▶ _Stored data entries_
"""

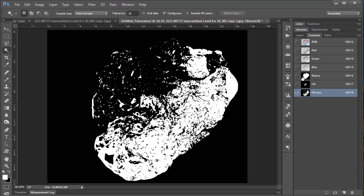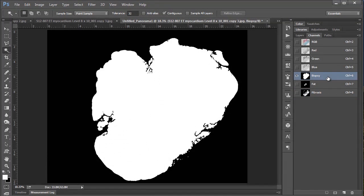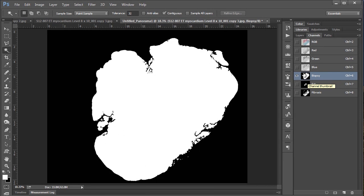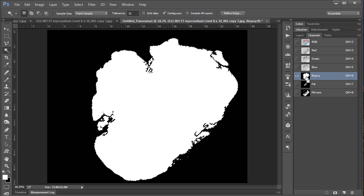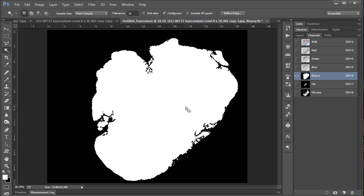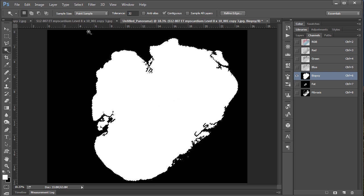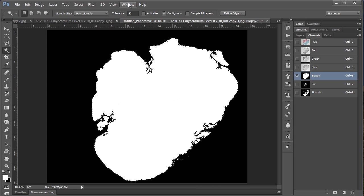So first of all we want to load up, we're going to start with the biopsy channel. We want to load that up and we want to load the selection. So to do that you hold control and click on the little icon here in your channel. And so that's going to load the selection of your biopsy. Now we want to go to window and load up the measurement log.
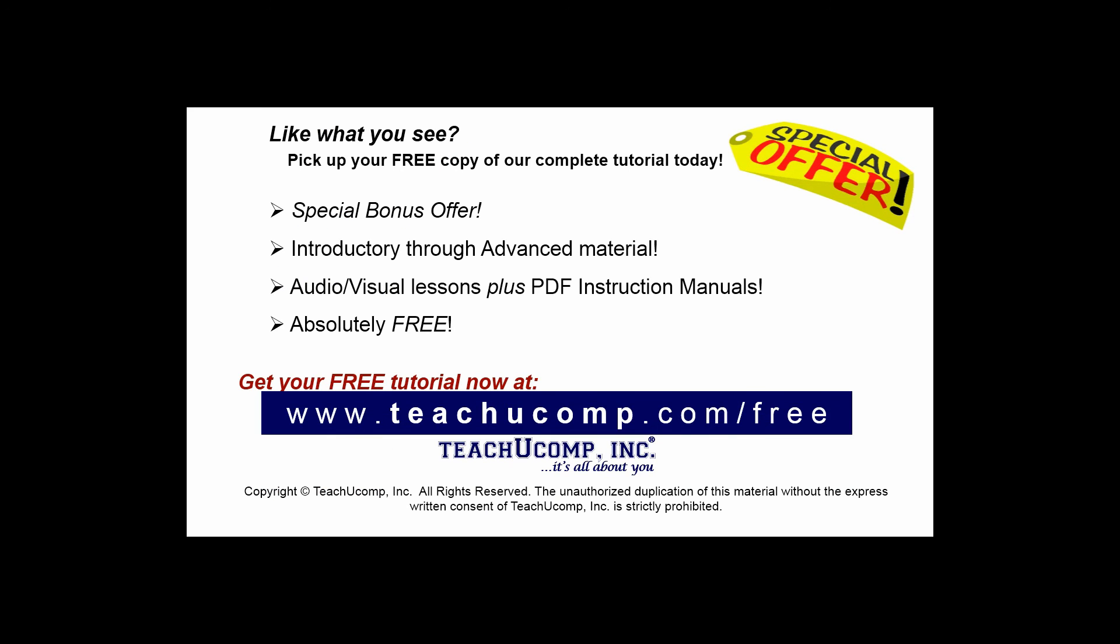Like what you see? Pick up your free copy of the complete tutorial at www.teachucomp.com/free.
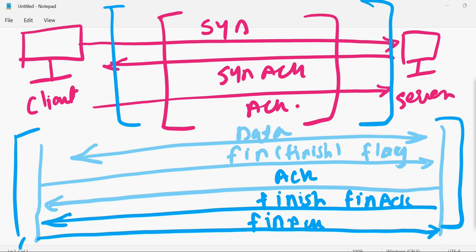These four packets — which come after the initial three-way handshake packets — together we call the TCP four-way handshake. I hope you understand what the TCP four-way handshake is. Thanks a lot for watching this video.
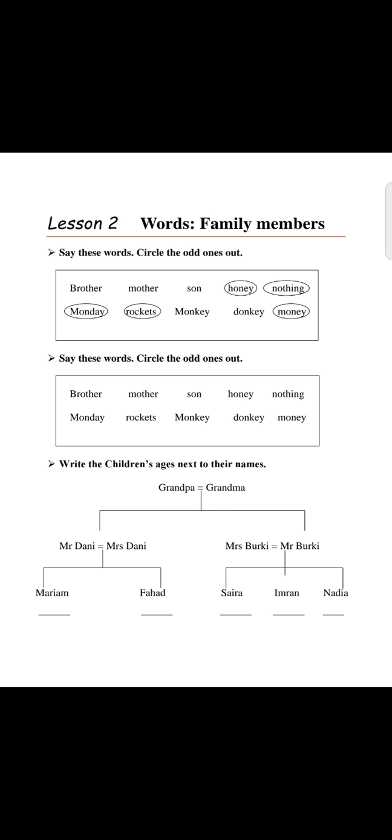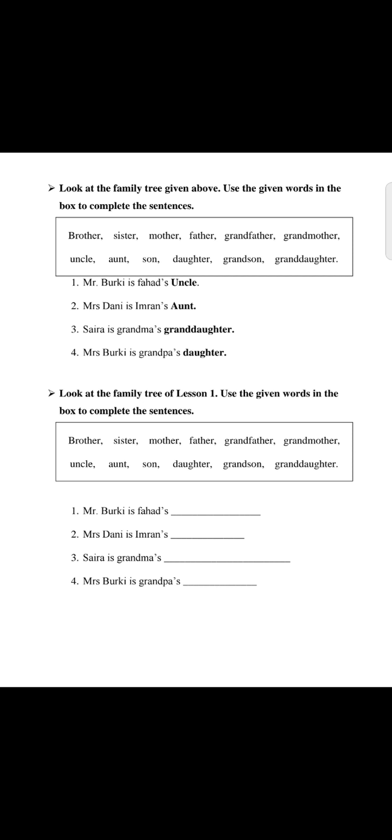You have to solve the family tree on the next page. Look at the family tree on the next page — the one you have just drawn. Use the given words in the box to complete the sentences.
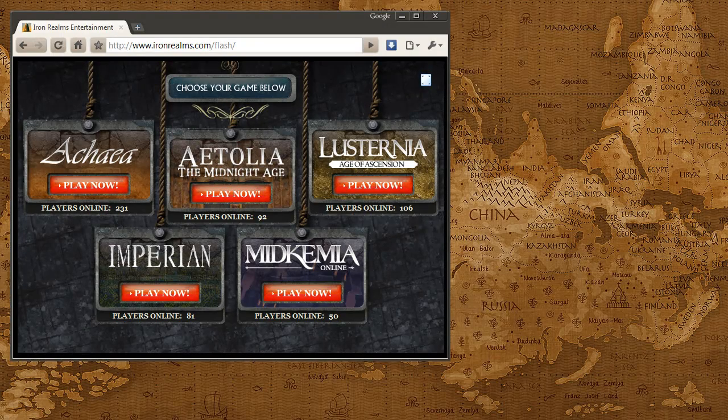In this screencast I am going to demonstrate how to create a character on one of our games using the Iron Realms Flash Client.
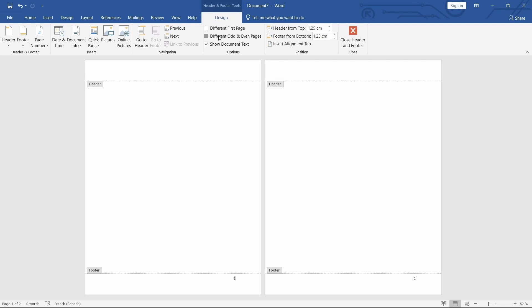Step 4 – Differentiate Odd and Even Pages. To differentiate the odd and even pages, click on the Different Odd and Even Pages button in the Design tab. This will open up separate headers or footers for odd and even pages.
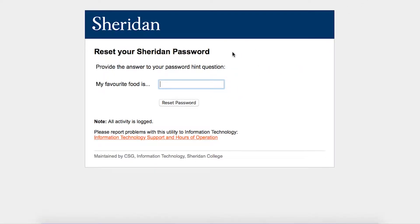The final page will ask you to provide the answer to your password hint question. In the text field below, enter your answer, then click the Reset Password button. After this, a new password will be generated for you, and you'll be able to log into your Sheridan account.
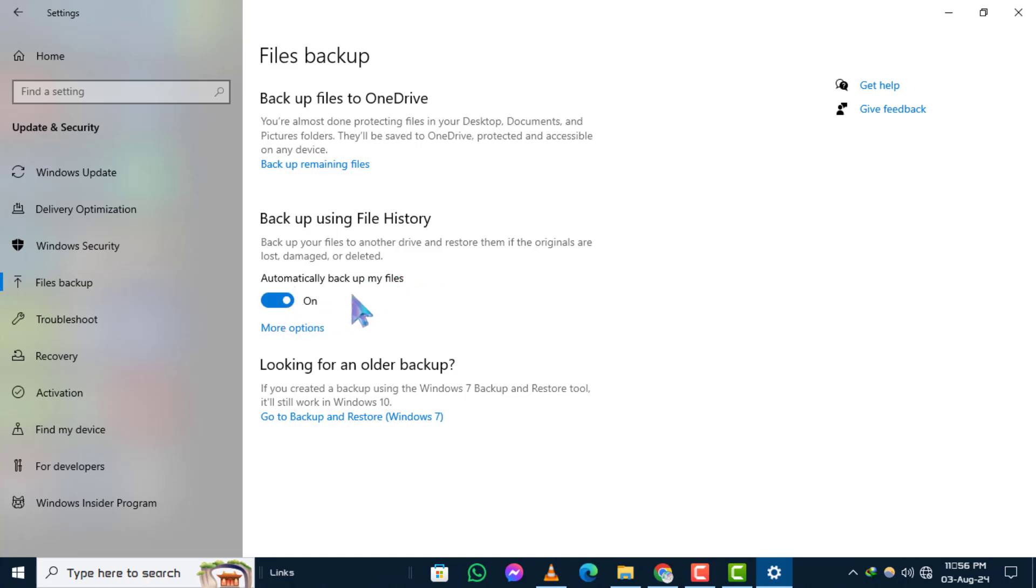In this example, my drive is already enabled, so I can't show you this step, but you should see an option to select a drive. Step 5: Click on More Options.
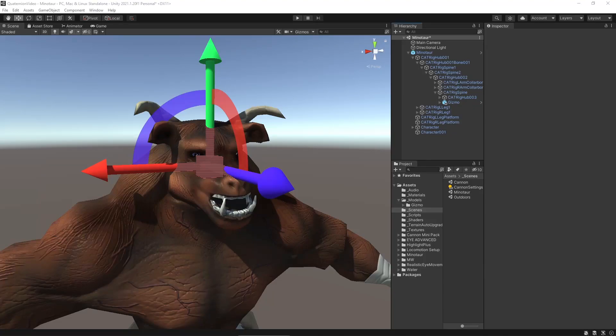Hi there. When you want to rotate an object along axes that are not aligned with that object, it can be quite difficult to figure out how to do that. You have to map from one space to another, and maybe yet to another, and multiply a bunch of rotations in just the right order. I want to show you a trick that makes such tasks much easier.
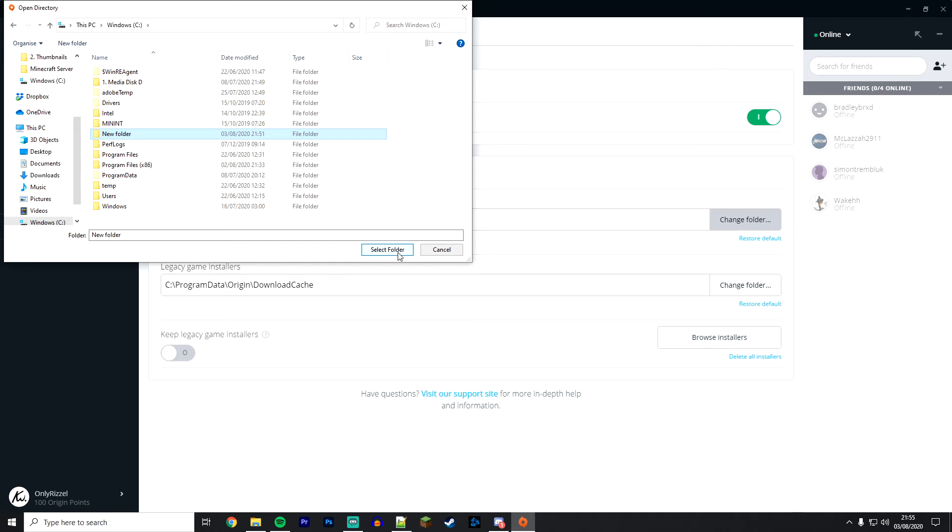However, if all of your games don't transfer at once, you may need to move them individually as I showed you in step one earlier.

"""

▶ _Instructions for the task_
Transcribe exactly the lines that run from the first line of the records above through the line with "These four packets", and include both of those lines; pictures stay out.

▶ _Task response_
So first of all we want to load up, we're going to start with the biopsy channel. We want to load that up and we want to load the selection. So to do that you hold control and click on the little icon here in your channel. And so that's going to load the selection of your biopsy. Now we want to go to window and load up the measurement log.
Like what you see? Pick up your free copy of the complete tutorial at www.teachucomp.com/free.
These four packets — which come after the initial three-way handshake packets — together we call the TCP four-way handshake. I hope you understand what the TCP four-way handshake is. Thanks a lot for watching this video.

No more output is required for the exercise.